(Captioned web image data)
—————
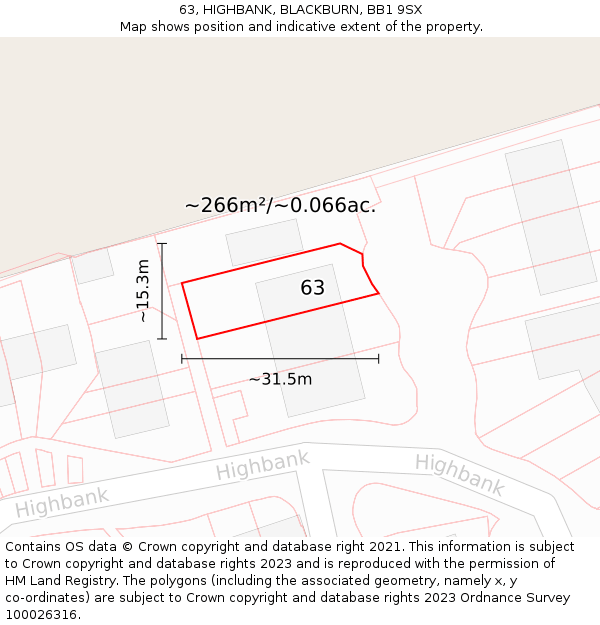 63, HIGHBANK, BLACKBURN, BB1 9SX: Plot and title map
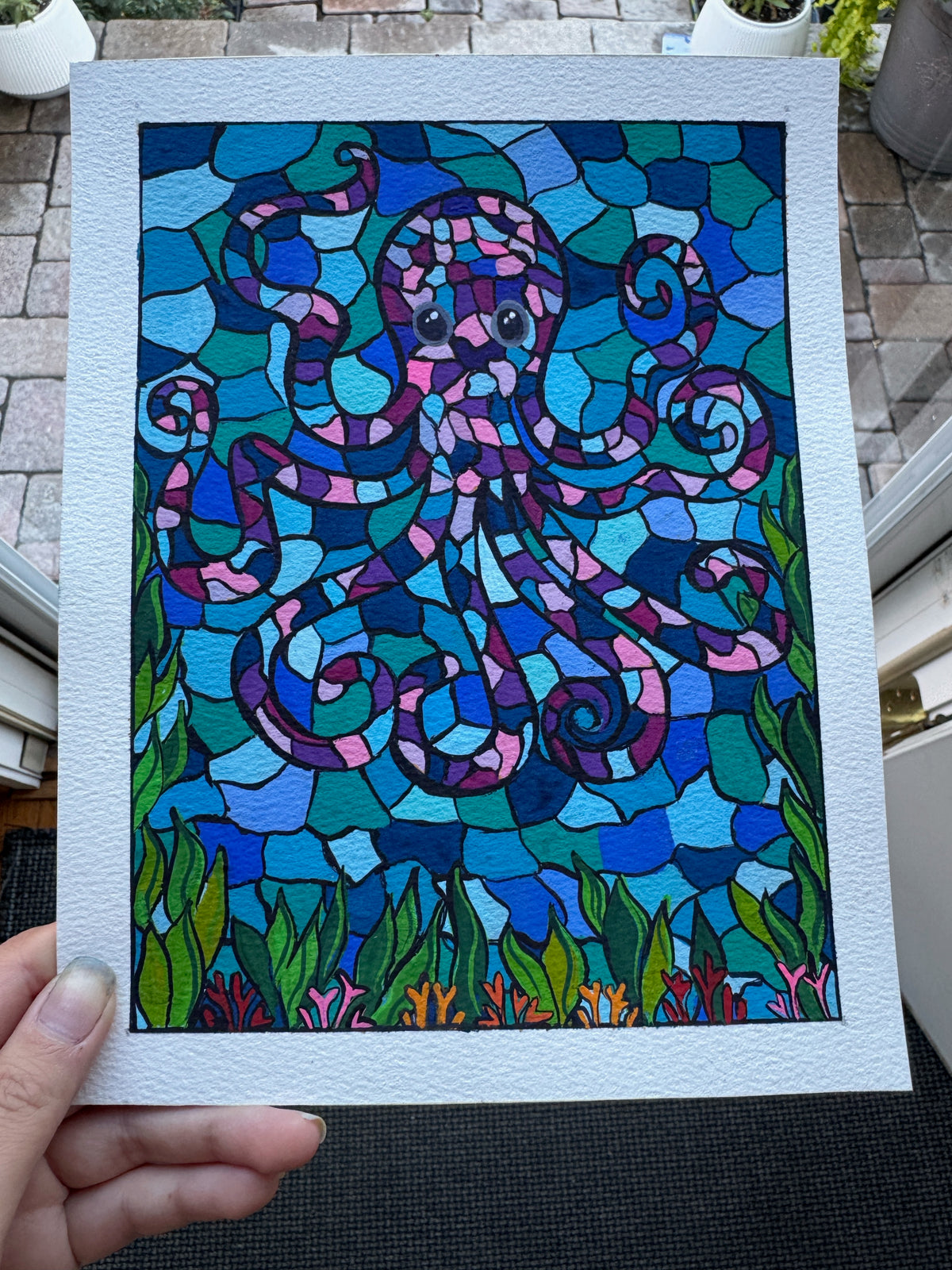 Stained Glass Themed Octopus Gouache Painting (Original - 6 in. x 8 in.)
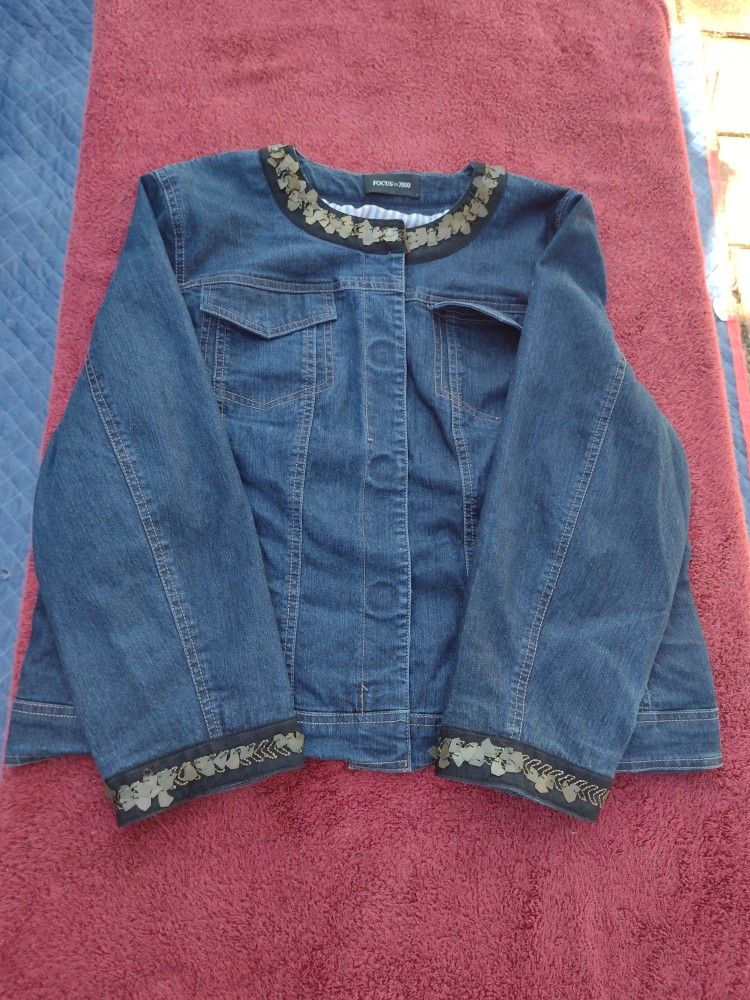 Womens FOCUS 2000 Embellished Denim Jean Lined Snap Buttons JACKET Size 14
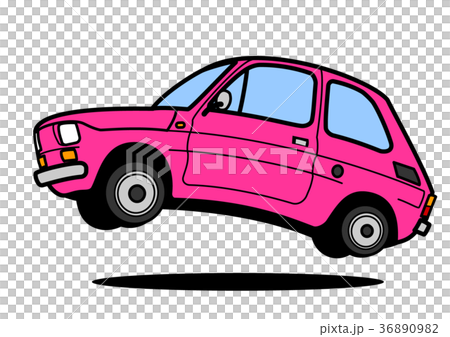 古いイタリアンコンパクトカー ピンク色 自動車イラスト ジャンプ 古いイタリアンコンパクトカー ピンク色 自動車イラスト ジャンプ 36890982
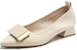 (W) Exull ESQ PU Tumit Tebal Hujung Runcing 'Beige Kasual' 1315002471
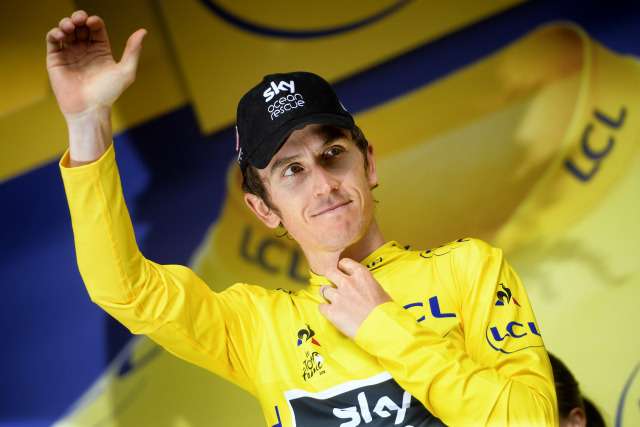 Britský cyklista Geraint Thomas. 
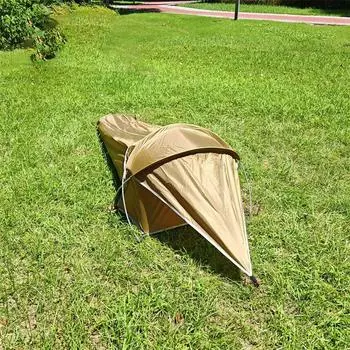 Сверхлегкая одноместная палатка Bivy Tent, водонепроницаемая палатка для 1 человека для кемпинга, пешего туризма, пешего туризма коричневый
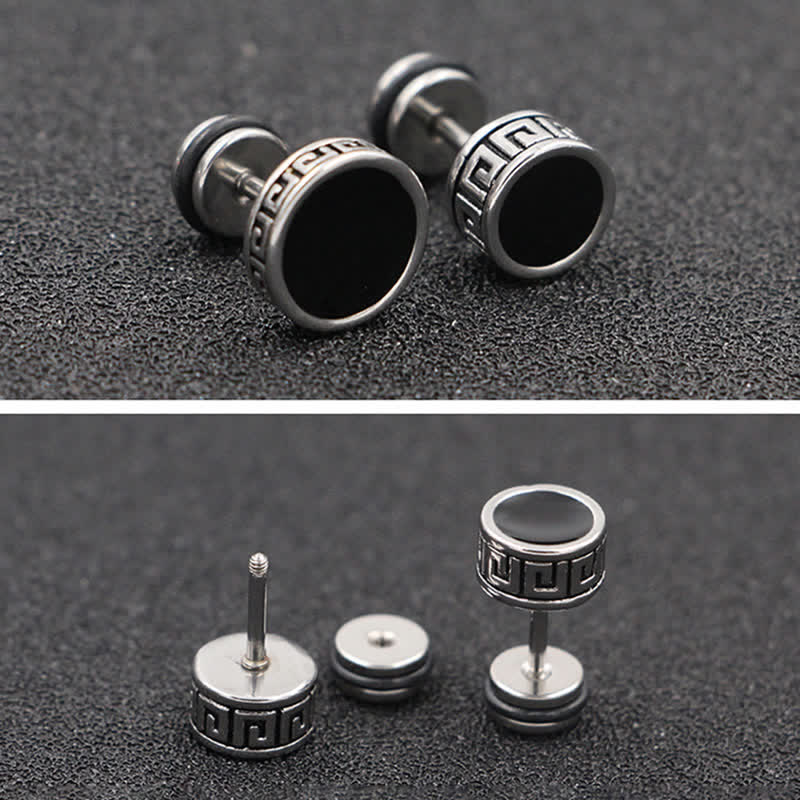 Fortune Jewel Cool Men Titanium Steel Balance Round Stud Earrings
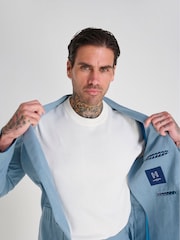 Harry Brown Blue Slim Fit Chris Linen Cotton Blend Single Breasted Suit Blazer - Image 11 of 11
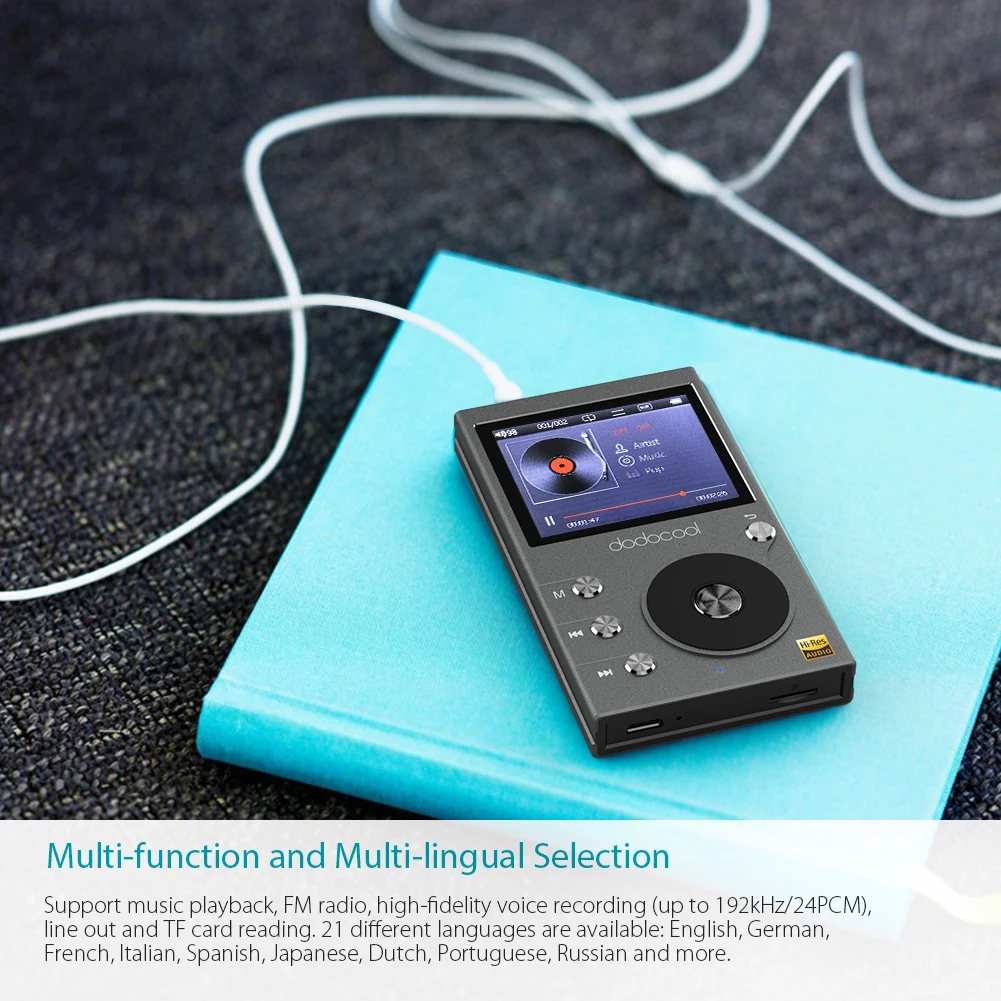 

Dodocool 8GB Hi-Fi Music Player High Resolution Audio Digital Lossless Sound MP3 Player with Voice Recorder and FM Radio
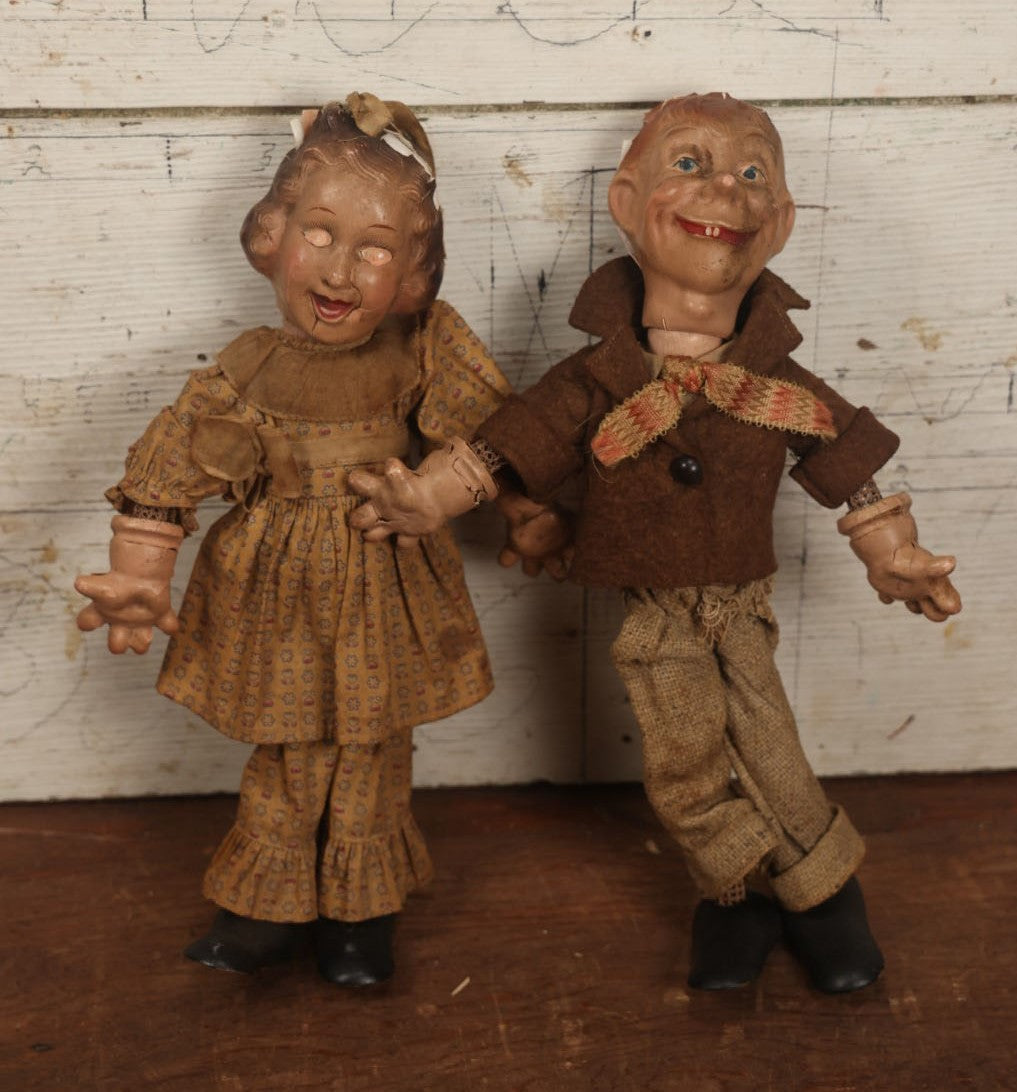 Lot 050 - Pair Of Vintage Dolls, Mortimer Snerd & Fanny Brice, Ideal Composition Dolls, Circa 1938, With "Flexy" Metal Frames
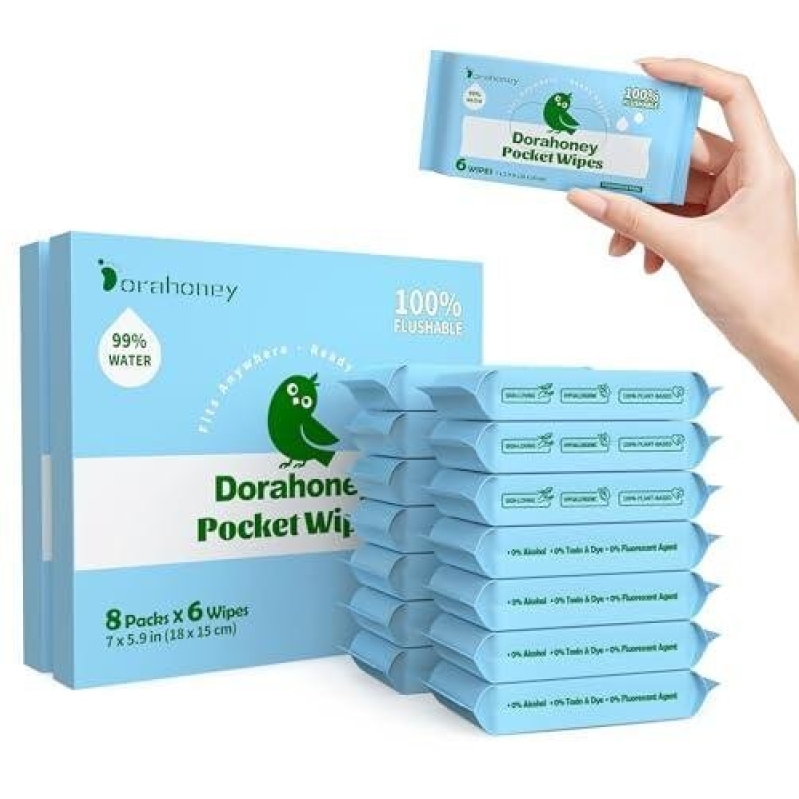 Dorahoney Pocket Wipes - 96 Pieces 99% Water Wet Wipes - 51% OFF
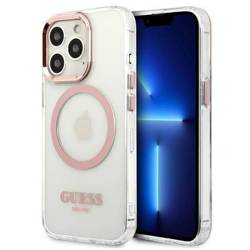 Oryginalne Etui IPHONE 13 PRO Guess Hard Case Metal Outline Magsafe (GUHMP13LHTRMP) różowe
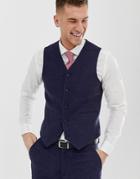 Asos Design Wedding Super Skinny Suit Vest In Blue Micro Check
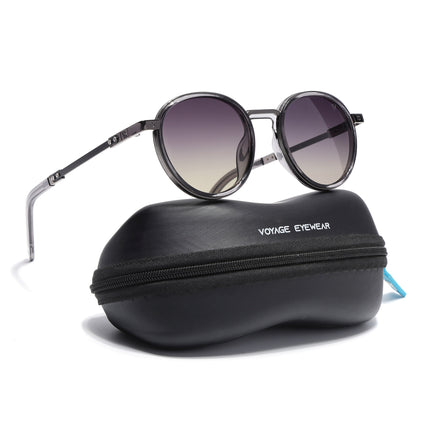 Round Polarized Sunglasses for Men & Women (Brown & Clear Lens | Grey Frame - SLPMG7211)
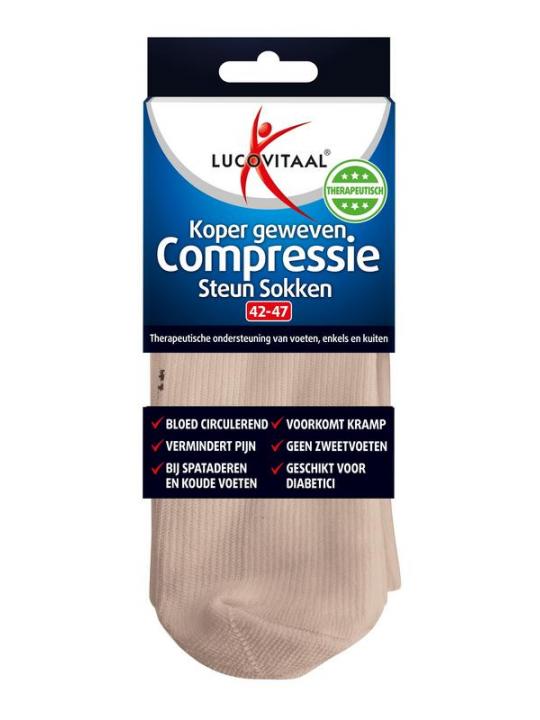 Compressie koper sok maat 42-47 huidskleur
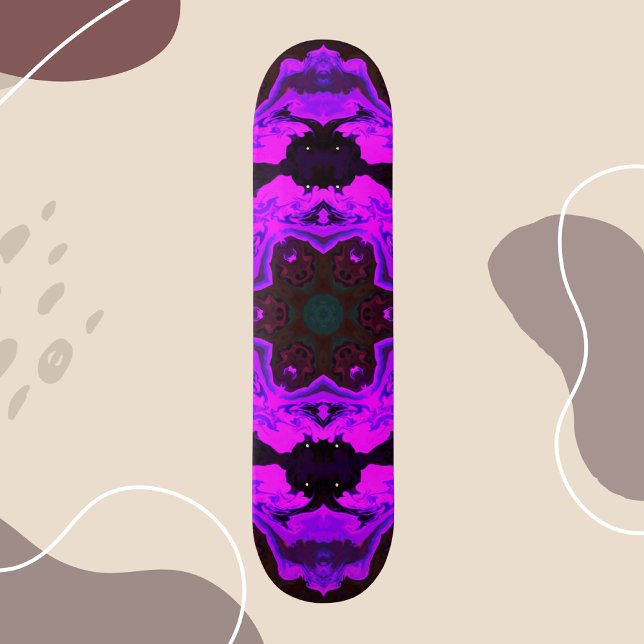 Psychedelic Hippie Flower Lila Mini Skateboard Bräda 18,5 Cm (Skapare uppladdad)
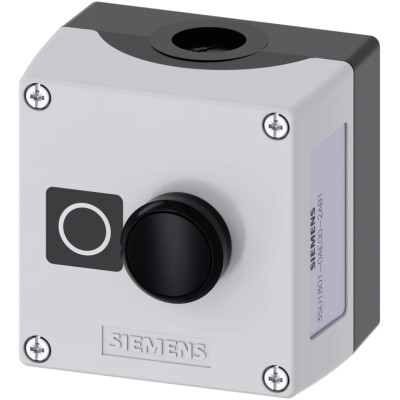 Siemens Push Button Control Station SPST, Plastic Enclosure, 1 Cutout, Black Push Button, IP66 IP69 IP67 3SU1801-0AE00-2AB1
—————
__What to do__
Only the pictures are to be excluded; all other parts of the records above are to be given exactly.

__Solved exercise__
 63, HIGHBANK, BLACKBURN, BB1 9SX: Plot and title map
 Stained Glass Themed Octopus Gouache Painting (Original - 6 in. x 8 in.)
 Womens FOCUS 2000 Embellished Denim Jean Lined Snap Buttons JACKET Size 14
 古いイタリアンコンパクトカー ピンク色 自動車イラスト ジャンプ 古いイタリアンコンパクトカー ピンク色 自動車イラスト ジャンプ 36890982
 (W) Exull ESQ PU Tumit Tebal Hujung Runcing 'Beige Kasual' 1315002471
 Britský cyklista Geraint Thomas. 
 Сверхлегкая одноместная палатка Bivy Tent, водонепроницаемая палатка для 1 человека для кемпинга, пешего туризма, пешего туризма коричневый
 Fortune Jewel Cool Men Titanium Steel Balance Round Stud Earrings
 Harry Brown Blue Slim Fit Chris Linen Cotton Blend Single Breasted Suit Blazer - Image 11 of 11

Dodocool 8GB Hi-Fi Music Player High Resolution Audio Digital Lossless Sound MP3 Player with Voice Recorder and FM Radio
 Lot 050 - Pair Of Vintage Dolls, Mortimer Snerd & Fanny Brice, Ideal Composition Dolls, Circa 1938, With "Flexy" Metal Frames
 Dorahoney Pocket Wipes - 96 Pieces 99% Water Wet Wipes - 51% OFF
 Oryginalne Etui IPHONE 13 PRO Guess Hard Case Metal Outline Magsafe (GUHMP13LHTRMP) różowe
 Asos Design Wedding Super Skinny Suit Vest In Blue Micro Check
 Round Polarized Sunglasses for Men & Women (Brown & Clear Lens | Grey Frame - SLPMG7211)
 Compressie koper sok maat 42-47 huidskleur
 Psychedelic Hippie Flower Lila Mini Skateboard Bräda 18,5 Cm (Skapare uppladdad)
 Siemens Push Button Control Station SPST, Plastic Enclosure, 1 Cutout, Black Push Button, IP66 IP69 IP67 3SU1801-0AE00-2AB1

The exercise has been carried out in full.